I forgot today, not for long, but just enough to make me think that it might be possible. I might be able to survive this. There was no Greg Donovan, no dead sister, and no girl getting her throat slit in front of me. Taylor wasn’t a name that caused me pain, and self loathing wasn’t a feeling that coursed through my veins. I was just a boy enjoying an afternoon with his little sister. I had fun for the first time in months and for once I don’t feel guilty about taking a break from my grief.

This wasn’t fucking to forget, or drinking until I black out, no, instead the high came from something much purer than that. It came from family, my family, my own flesh and blood. Sofia is the light in the dark, just a flicker inside of me that I so desperately need to hang on to. She makes me feel worthy, like I am someone who can be something other than just this. It’s exactly how I felt when I was a kid and still had Rachel, our suffering didn’t matter because we had each other.

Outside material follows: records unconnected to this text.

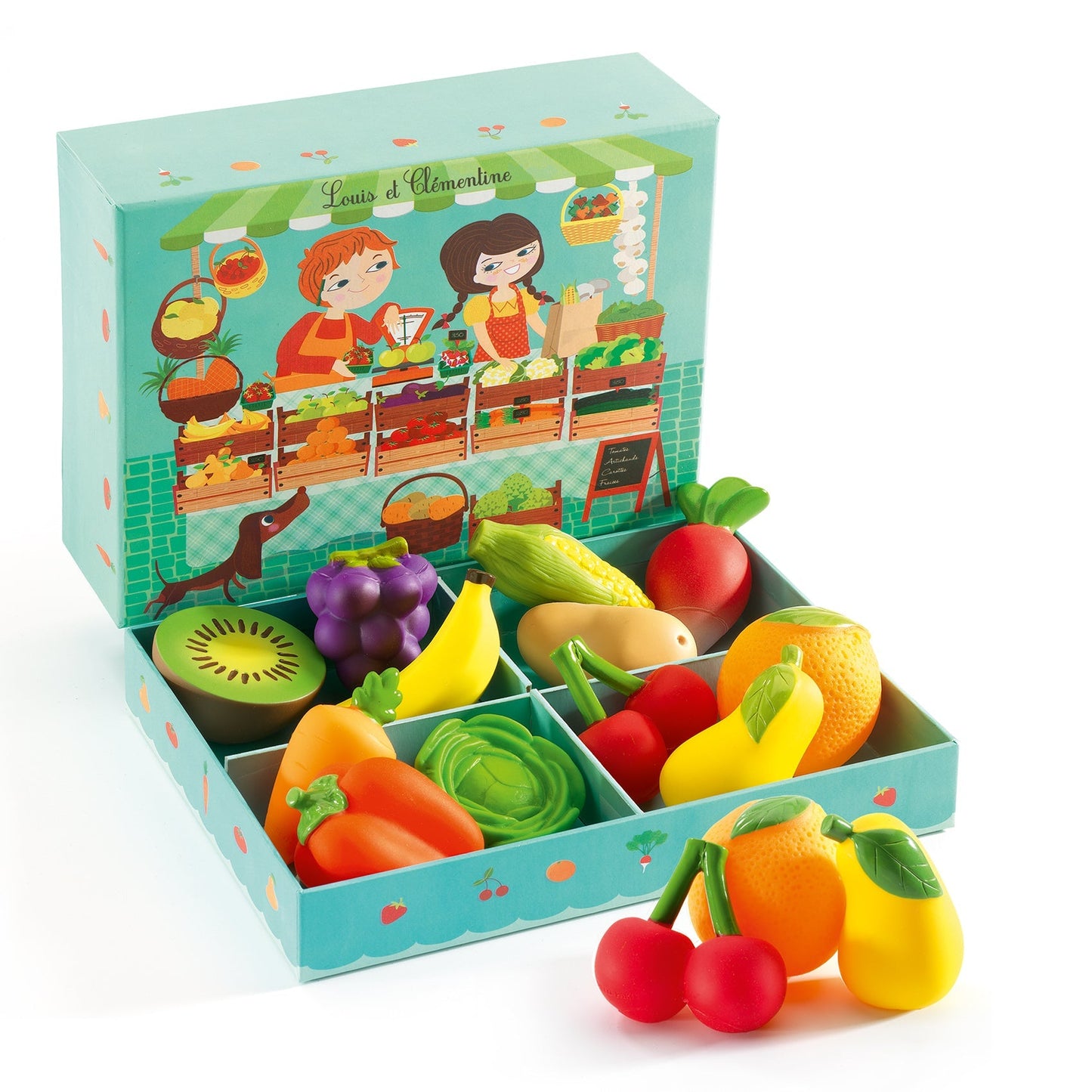 Cuisine - Louis & Clémentine - Fruits et légumes-Djeco-Super Châtaigne-Imitation : Product type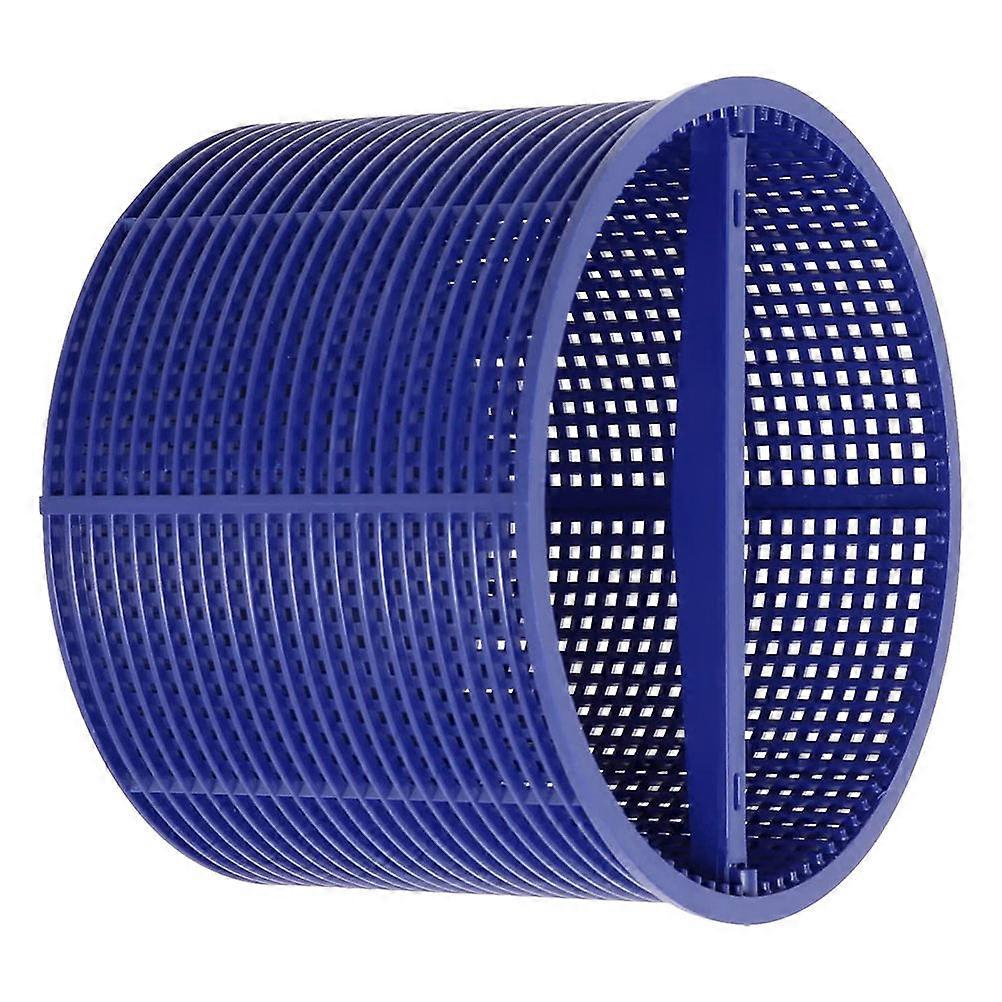 Skimmer Basket For Inground Pool Water Filtration Hair Blocking Blue 17.80X17.80X12.70CM 1Pack
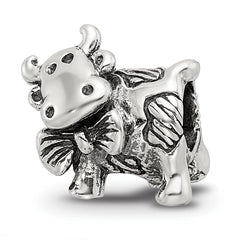 Sterling Silver Reflections Dairy Cow Bead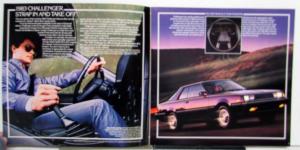 1983 Dodge Challenger Technica Imported Mitsubishi Motors Options Specs Brochure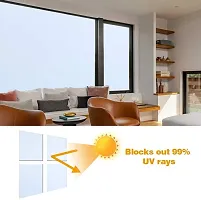 SUNBIRD? 50cm X 10Ft White Opaque Window Film Window Privacy Film for Home Office Window Covering Sun Blocking Anti UV Heat Control Static Cling-thumb1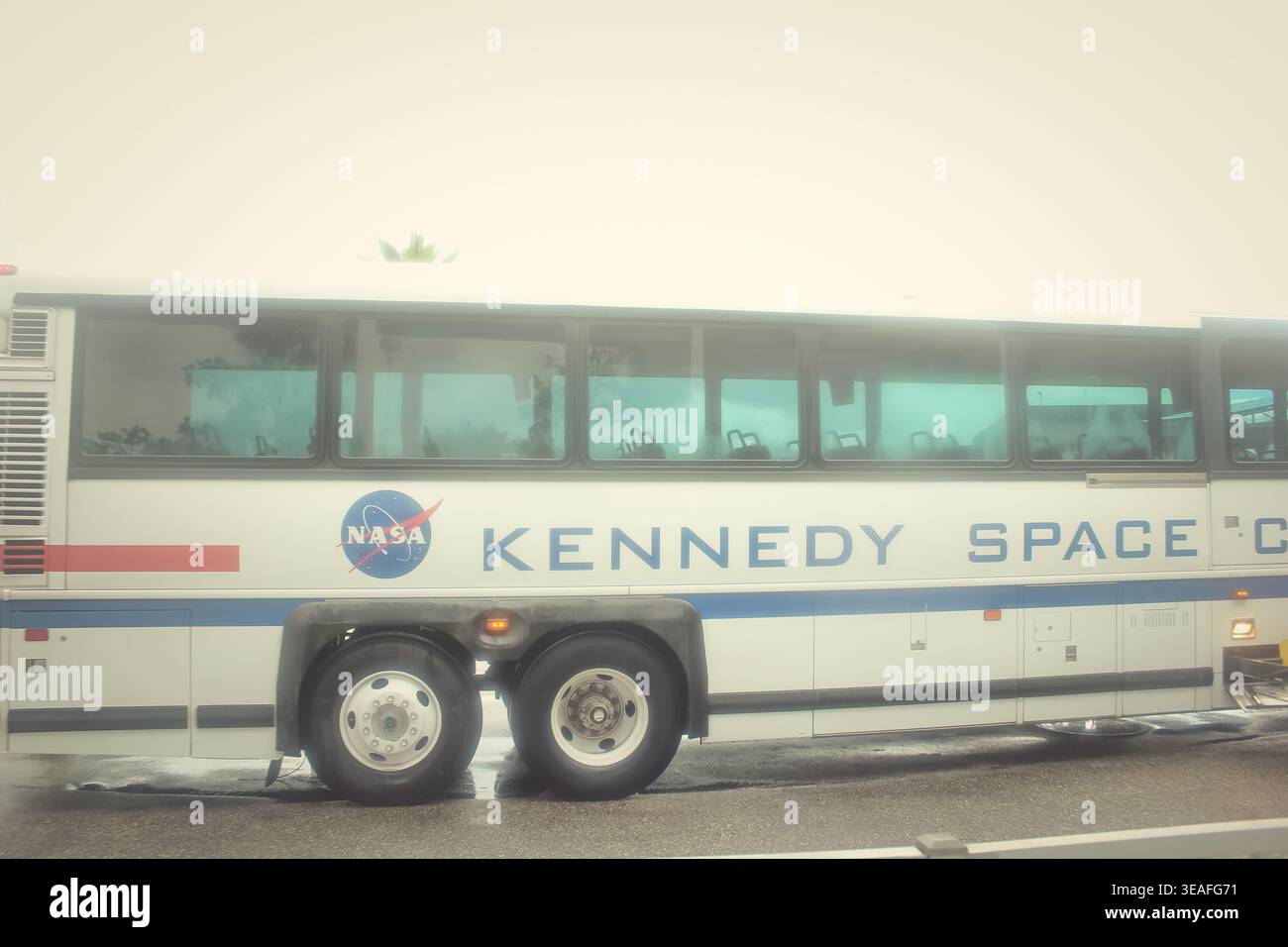 Nasa Vip Bus Kennedy Space Center Official Tour Bus at NASA Visitor Complex in ...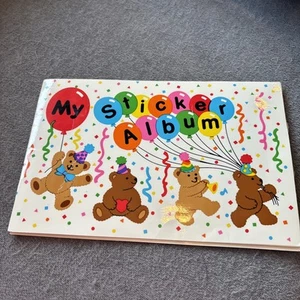 Vtg Sandylion Sticker Album Filled 90s Bears Sesame Lisa Frank SpongeBob Disney - Picture 1 of 19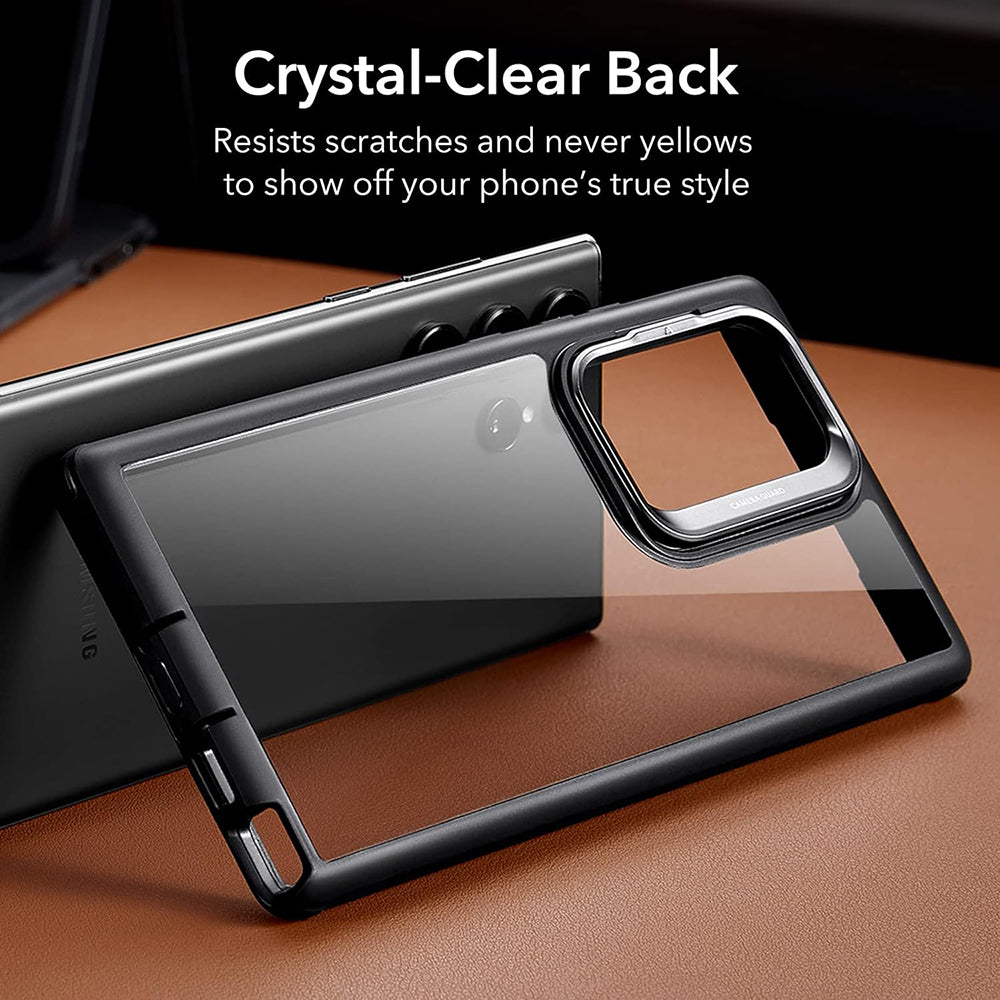 Калъф за Samsung Galaxy S23 Ultra S918, ESR, Shock Armor Kickstand, Прозрачен черен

When I make it home I see a flash of blond entering the media room as I walk down the hallway. I should just continue on to my room, pop a pill, and sate the deep need that has been festering within me for hours now. But I push it down and follow after her. I am still feeling weird after our confrontation yesterday and despite the void that has been steadily growing between us, despite her best efforts, I don’t want to be in a fight with her.